[Short descriptive text snippets]:
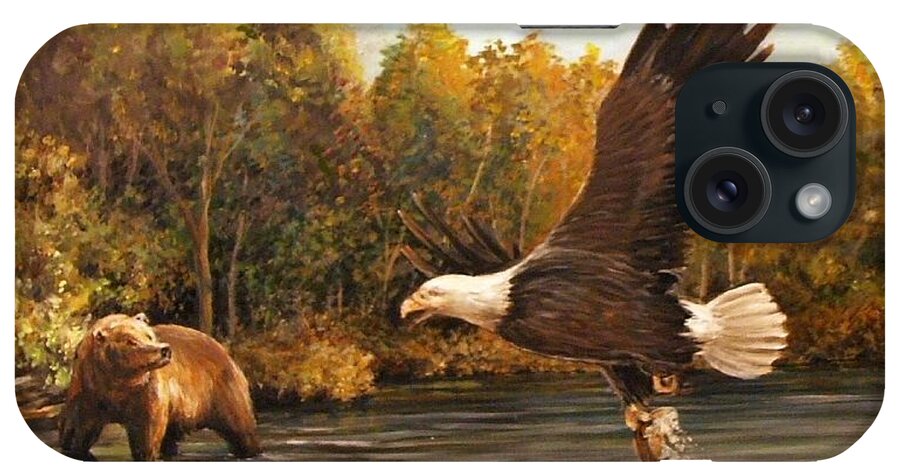Eagle's Prey iPhone Case featuring the painting Eagle's Prey by Perry's Fine Art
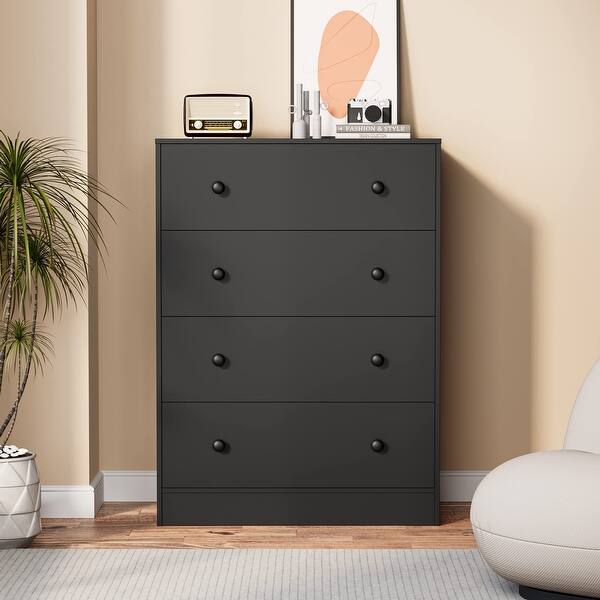 4 drawer dresser chest black Formal Fitted Dress With White Collar main image 0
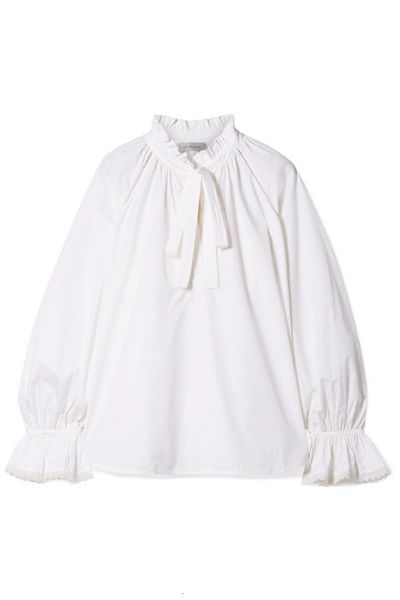 Ruffled Cotton-Poplin Top from Lee Mathews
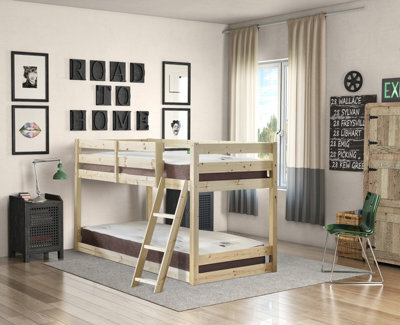 Strictly Beds And Bunks Courtland Heavy Duty Low Pine Bunk Bed, 3Ft Single - image 1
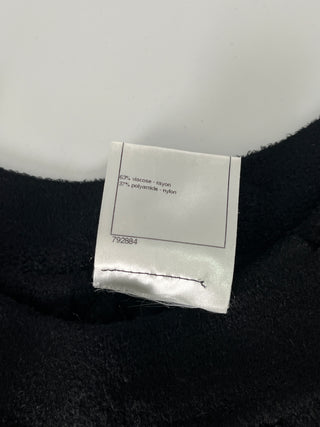 Black Cap Sleeve Velvet-Like Dress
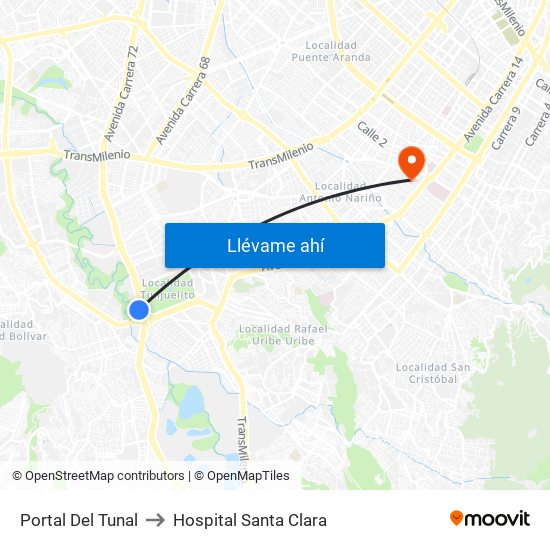 Portal Del Tunal to Hospital Santa Clara map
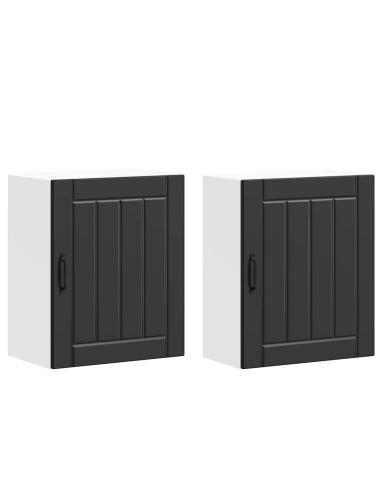 Pensili da cucina 2 pz Lucca in Legno Multistrato Nero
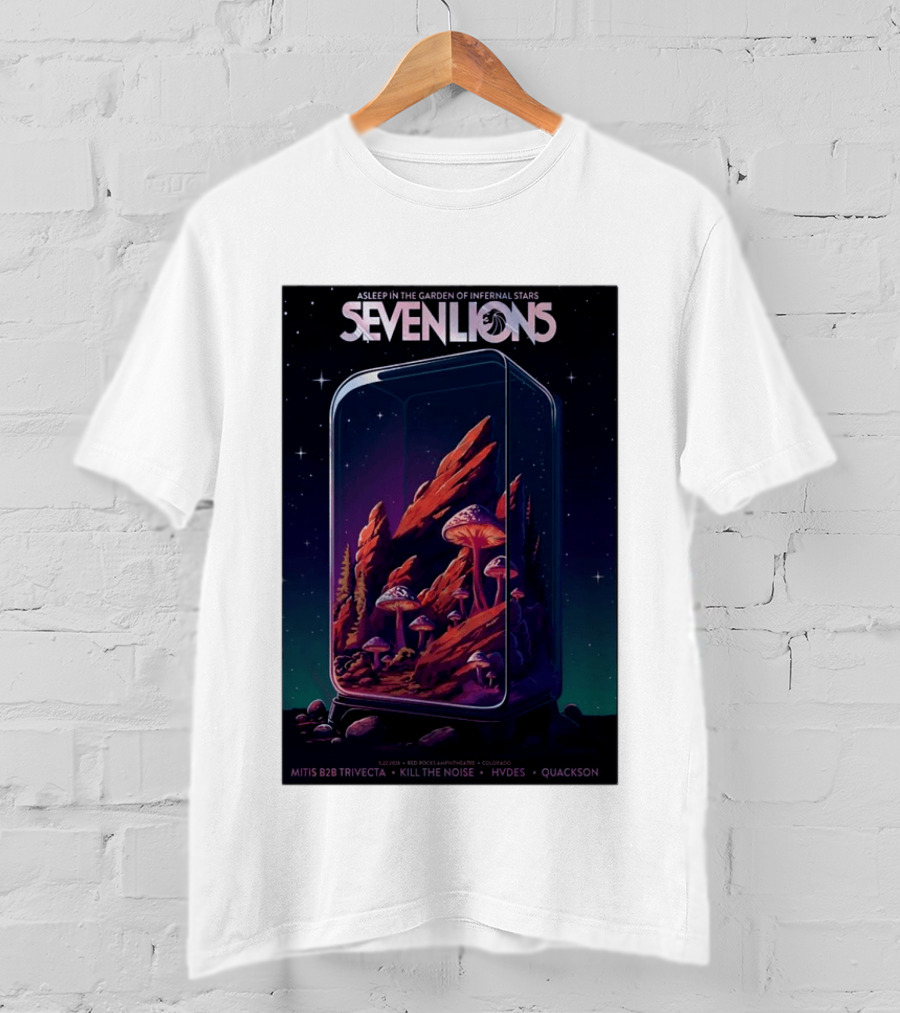 Seven Lions Asleep In The Garden Of Infernal Stars Red Rocks Amphitheatre May 22 2026 T-Shirt
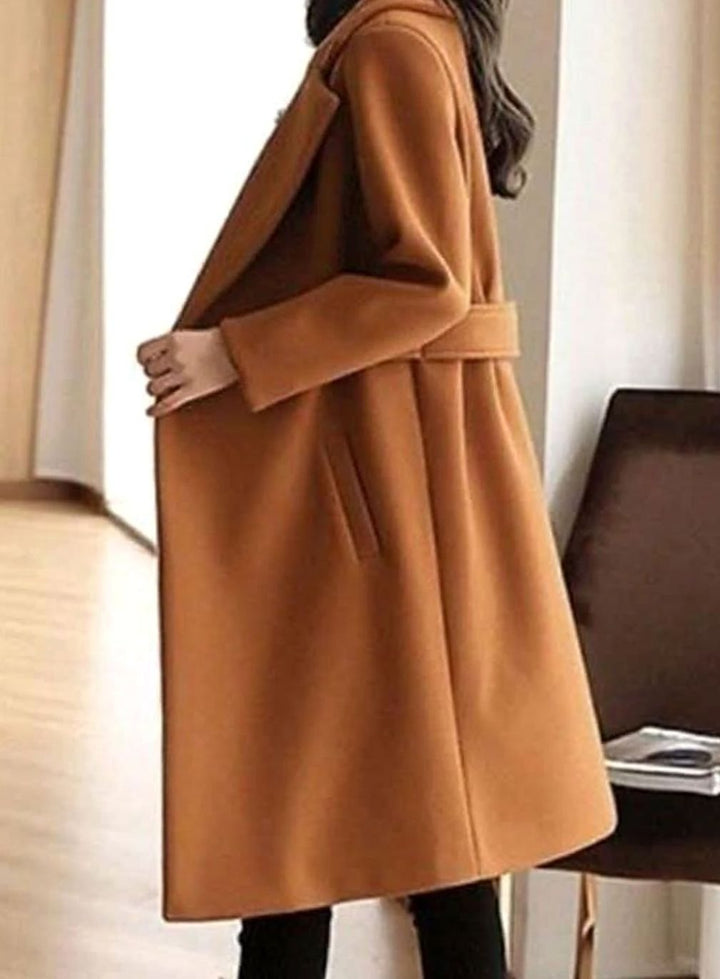 Dam kappa klassisk ull trenchcoat lång elegant vinterkappa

[TASK INSTRUCTIONS]: Take the lines above from the top of the records through the one with "Ruffled Cotton-Poplin Top from Lee Mathews" and repeat them exactly, without any pictures.

[EXERCISE RESPONSE]:
Eagle's Prey iPhone Case featuring the painting Eagle's Prey by Perry's Fine Art
 4 drawer dresser chest black Formal Fitted Dress With White Collar main image 0
 Ruffled Cotton-Poplin Top from Lee Mathews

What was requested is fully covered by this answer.